Aujourd’hui encore, dans l’Est congolais, les Wazalendo et leurs alliés FDLR reprennent la même rhétorique avilissante, parlant des Tutsi congolais comme d’intrus, de proies à traquer, d’êtres à expulser du cercle de l’humain.

A cette propagande s’ajoute l’endoctrinement méthodique des jeunes, transformés en vecteurs dociles de la haine : on les prive d’école pour mieux les livrer à l’embrigadement, on leur substitue l’étude des lettres et des sciences par la récitation de slogans meurtriers. Ainsi se perpétue une logique séculaire : détruire la dignité par le mot, abolir l’esprit critique, semer l’animalisation de l’Autre pour faire fleurir le massacre de masse.

Le gouvernement congolais, après avoir exalté la figure des Wazalendo en les parant de l’auréole factice de « patriotes défenseurs de la population », se heurte désormais à une réalité aussi éclatante qu’un ciel sans nuage : ces milices, loin d’incarner la résistance nationale, se révèlent être de véritables criminels, assumant sans détour leur brutalité, défiant l’autorité même du Chef de l’État et pourchassant les Tutsi congolais comme du gibier.

Leurs dérives ne sont pas sans rappeler les heures les plus sombres de l’humanité : les Khmers rouges au Cambodge dans les années 1970, les Interahamwe au Rwanda en 1994, et aujourd’hui, dans l’Est de la République démocratique du Congo, les Wazalendo alliés aux FDLR. Les mêmes causes produisent inexorablement les mêmes effets, et la cécité face à cette répétition funeste ne saurait être qu’une complicité active.

Au Cambodge des années 1970, les Khmers rouges avaient pris le pouvoir sous prétexte d’une révolution égalitaire.
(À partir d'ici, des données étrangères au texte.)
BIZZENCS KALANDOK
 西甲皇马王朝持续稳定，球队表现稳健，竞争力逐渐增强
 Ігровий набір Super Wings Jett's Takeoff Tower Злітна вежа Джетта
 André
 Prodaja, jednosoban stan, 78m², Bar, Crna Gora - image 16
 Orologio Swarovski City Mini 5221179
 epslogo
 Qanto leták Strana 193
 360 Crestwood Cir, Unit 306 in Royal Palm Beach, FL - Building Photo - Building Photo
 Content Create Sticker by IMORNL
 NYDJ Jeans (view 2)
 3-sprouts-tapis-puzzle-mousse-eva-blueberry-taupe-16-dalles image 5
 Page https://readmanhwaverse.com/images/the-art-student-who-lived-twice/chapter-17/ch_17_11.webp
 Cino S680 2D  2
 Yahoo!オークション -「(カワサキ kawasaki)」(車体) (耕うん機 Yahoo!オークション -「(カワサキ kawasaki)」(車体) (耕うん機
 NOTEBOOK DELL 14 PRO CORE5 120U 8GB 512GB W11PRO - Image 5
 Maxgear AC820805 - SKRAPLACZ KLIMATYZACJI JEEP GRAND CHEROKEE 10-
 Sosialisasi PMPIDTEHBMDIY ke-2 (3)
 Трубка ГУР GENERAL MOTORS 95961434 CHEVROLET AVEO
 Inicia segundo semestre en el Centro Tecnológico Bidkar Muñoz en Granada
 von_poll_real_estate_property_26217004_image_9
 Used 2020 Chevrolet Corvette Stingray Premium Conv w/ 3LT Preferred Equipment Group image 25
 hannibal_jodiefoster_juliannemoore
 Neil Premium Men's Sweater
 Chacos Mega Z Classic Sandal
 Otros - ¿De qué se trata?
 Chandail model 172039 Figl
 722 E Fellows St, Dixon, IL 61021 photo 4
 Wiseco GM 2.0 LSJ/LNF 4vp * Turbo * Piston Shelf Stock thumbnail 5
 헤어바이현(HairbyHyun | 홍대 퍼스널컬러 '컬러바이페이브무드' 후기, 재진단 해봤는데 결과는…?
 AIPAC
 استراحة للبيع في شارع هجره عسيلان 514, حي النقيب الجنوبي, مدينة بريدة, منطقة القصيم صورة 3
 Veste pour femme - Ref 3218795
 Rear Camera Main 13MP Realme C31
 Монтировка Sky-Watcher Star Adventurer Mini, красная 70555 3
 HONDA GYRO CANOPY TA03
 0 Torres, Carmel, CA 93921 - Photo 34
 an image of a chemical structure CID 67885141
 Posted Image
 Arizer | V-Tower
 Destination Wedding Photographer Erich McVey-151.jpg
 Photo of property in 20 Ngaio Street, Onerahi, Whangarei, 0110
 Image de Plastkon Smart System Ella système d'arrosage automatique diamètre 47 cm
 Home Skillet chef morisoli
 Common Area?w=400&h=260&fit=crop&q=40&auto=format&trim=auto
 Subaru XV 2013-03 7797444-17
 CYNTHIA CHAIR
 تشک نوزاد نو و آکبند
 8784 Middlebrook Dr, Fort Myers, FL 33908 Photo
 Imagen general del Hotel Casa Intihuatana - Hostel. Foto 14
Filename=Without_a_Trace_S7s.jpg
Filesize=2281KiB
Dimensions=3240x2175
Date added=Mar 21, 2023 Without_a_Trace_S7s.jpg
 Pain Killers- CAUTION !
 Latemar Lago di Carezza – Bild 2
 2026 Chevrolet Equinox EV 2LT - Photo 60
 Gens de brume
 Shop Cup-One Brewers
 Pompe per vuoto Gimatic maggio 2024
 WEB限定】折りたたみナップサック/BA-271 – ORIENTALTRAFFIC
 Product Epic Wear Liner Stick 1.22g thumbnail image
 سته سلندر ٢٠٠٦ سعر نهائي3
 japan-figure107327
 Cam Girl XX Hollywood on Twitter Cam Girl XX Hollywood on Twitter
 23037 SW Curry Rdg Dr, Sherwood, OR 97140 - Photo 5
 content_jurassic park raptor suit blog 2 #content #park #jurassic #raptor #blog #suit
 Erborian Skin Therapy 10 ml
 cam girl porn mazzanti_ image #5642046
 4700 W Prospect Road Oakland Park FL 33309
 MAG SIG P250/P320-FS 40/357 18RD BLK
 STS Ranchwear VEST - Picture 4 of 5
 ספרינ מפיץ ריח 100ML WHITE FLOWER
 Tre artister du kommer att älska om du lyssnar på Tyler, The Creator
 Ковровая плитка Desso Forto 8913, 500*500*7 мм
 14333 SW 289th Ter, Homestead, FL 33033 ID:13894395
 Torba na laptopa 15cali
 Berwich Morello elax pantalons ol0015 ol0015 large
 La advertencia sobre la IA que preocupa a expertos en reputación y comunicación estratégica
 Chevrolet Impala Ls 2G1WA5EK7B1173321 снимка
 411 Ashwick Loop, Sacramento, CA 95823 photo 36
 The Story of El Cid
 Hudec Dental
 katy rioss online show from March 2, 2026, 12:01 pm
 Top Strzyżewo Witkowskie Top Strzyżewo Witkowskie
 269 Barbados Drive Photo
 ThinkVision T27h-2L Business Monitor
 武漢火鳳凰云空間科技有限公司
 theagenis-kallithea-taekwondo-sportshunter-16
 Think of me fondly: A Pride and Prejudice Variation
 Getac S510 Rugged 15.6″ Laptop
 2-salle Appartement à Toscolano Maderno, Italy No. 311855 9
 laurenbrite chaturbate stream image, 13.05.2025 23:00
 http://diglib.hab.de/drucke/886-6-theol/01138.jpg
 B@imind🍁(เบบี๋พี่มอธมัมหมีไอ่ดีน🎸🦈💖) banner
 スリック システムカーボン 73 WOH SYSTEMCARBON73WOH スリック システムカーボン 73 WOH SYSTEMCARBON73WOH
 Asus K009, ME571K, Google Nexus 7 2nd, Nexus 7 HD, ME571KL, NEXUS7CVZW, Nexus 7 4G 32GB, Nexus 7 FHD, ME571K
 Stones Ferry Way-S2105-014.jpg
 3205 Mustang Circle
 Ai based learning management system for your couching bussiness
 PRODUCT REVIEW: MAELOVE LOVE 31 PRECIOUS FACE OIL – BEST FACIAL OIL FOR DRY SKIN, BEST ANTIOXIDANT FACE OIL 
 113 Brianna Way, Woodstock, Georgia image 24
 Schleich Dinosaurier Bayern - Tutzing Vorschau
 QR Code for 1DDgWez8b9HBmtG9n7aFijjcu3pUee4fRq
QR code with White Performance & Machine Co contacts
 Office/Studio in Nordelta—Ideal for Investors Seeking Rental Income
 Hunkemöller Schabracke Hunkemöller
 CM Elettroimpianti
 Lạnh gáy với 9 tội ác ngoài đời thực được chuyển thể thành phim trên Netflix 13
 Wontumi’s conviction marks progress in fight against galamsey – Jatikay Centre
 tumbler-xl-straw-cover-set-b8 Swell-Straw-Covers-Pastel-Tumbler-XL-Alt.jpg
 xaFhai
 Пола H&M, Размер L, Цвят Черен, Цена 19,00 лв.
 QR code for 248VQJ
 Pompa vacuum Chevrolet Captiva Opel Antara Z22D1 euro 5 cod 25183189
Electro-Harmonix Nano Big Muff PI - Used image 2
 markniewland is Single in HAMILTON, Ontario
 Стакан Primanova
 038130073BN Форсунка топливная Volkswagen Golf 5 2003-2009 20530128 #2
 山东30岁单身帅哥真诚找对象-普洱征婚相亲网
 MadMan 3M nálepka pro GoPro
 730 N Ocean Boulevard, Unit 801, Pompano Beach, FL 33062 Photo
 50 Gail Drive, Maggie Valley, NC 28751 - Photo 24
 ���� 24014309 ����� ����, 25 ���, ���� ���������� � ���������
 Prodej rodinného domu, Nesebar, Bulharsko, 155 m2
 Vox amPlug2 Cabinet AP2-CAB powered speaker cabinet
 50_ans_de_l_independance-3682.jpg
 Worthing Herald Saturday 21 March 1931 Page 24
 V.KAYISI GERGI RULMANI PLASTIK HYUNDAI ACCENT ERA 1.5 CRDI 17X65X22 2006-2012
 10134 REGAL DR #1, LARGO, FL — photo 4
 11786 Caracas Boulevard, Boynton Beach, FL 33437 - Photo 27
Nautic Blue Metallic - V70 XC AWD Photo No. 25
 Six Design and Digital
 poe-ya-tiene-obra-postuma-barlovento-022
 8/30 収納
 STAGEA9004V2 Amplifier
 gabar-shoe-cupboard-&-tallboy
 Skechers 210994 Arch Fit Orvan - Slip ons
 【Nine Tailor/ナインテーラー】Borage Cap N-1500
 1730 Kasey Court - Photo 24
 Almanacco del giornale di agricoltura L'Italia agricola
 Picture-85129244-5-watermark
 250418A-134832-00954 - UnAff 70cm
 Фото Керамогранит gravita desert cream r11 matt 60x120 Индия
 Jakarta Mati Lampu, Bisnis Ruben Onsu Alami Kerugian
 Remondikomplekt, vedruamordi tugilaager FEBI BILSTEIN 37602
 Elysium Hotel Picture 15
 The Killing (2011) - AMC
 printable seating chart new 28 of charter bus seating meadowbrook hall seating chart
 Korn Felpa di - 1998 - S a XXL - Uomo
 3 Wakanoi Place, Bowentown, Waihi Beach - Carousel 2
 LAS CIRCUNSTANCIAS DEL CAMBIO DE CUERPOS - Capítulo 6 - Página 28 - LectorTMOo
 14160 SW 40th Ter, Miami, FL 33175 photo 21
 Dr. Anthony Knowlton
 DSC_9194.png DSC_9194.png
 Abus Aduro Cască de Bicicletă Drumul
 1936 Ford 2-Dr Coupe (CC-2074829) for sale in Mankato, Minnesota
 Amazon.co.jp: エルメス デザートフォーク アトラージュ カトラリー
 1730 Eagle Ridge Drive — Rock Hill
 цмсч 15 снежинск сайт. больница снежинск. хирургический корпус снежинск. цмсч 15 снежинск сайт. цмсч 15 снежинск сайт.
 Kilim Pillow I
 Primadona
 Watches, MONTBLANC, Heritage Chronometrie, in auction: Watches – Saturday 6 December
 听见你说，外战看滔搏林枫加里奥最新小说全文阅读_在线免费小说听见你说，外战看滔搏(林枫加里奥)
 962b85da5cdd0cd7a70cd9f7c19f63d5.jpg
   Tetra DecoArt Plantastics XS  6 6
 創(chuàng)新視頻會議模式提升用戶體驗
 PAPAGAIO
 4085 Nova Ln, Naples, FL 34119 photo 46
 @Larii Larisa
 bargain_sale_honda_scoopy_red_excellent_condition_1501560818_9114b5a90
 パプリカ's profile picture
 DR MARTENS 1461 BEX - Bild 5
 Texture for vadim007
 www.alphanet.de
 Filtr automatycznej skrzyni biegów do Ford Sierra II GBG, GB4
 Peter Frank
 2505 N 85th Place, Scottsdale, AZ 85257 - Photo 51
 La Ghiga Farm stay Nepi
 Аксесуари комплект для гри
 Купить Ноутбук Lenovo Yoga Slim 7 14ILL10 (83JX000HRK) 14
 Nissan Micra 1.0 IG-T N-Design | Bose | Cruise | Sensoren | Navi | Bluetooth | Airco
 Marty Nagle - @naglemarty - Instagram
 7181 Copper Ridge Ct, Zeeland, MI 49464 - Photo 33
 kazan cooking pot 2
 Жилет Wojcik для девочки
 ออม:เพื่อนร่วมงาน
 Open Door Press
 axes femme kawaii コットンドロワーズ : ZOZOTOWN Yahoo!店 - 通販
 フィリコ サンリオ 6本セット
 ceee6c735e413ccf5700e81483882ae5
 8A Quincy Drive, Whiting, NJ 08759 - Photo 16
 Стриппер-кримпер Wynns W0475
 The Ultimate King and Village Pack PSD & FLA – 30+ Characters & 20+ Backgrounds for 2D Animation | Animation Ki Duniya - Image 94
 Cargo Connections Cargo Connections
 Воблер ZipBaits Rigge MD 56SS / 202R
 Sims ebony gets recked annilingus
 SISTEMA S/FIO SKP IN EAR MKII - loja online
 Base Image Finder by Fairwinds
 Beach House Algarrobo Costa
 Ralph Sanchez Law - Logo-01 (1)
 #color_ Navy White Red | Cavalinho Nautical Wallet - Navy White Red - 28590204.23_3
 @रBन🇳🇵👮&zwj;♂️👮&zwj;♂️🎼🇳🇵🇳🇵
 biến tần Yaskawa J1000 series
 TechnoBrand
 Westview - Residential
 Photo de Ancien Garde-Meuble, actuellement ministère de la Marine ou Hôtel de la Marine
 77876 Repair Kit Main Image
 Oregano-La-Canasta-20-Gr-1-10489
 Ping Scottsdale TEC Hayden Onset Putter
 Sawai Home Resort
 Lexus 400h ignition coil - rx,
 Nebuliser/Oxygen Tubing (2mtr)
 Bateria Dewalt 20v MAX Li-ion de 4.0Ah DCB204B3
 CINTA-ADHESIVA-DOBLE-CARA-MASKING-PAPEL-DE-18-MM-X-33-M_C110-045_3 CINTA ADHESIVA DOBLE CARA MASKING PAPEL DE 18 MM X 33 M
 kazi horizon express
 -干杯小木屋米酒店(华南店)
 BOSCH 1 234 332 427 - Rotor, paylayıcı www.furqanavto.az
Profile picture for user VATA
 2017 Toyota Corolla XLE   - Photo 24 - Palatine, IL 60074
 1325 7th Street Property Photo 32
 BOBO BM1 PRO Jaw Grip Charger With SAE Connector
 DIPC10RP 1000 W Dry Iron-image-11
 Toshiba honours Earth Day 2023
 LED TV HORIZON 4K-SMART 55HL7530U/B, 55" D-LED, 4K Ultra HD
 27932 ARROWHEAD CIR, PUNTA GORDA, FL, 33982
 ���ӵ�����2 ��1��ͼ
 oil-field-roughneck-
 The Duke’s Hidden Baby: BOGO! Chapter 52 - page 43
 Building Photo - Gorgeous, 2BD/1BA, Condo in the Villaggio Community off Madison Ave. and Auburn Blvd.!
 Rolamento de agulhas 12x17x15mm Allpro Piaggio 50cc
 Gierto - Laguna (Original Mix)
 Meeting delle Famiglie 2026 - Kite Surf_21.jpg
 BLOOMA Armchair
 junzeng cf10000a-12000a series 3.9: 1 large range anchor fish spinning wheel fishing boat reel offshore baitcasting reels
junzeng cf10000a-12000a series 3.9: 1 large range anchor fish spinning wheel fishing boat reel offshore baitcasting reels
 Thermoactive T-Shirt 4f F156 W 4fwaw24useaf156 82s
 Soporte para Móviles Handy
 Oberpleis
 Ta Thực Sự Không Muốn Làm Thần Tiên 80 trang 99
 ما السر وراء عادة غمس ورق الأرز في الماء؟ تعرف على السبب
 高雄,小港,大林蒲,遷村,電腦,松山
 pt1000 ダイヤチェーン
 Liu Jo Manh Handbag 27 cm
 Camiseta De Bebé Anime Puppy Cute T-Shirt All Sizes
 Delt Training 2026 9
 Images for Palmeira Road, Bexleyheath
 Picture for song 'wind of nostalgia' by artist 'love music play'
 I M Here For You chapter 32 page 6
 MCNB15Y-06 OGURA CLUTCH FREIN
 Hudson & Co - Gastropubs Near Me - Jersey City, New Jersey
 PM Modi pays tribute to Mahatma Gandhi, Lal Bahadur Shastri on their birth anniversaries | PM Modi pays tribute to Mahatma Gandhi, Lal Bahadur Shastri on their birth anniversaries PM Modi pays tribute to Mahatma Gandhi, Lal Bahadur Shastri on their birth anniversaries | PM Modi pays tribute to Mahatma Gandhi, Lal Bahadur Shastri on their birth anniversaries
Leur obsession était d’éradiquer l’« ancien monde » en éliminant l’intelligentsia, les enseignants, les médecins, les religieux, en fermant les écoles, en vidant les villes et en interdisant toute forme de savoir qui ne servait pas la propagande du parti.

Lire devenait suspect, parler une langue étrangère ou porter des lunettes suffisait pour être condamné à mort. La logique était limpide : priver le peuple de connaissance pour mieux l’asservir et souder l’illusion d’unité par la désignation d’un ennemi à exterminer. Le résultat fut effroyable : près de deux millions de morts, un quart de la population, et un pays transformé en champ de cadavres.

Vingt ans plus tard, au Rwanda, les Interahamwe reprenaient ce même mécanisme d’avilissement et de déshumanisation. Le discours officiel, la radio des Mille Collines et les médias de la haine réduisaient les Tutsi au rang d’« Inyenzi », de « cancrelats » qu’il convenait d’écraser. La haine, préparée par le verbe, s’incarnait dans la machette. Les tueries systématiques, méthodiquement organisées, firent plus d’un million de victimes en cent jours. La barbarie, toujours, avait commencé par les mots.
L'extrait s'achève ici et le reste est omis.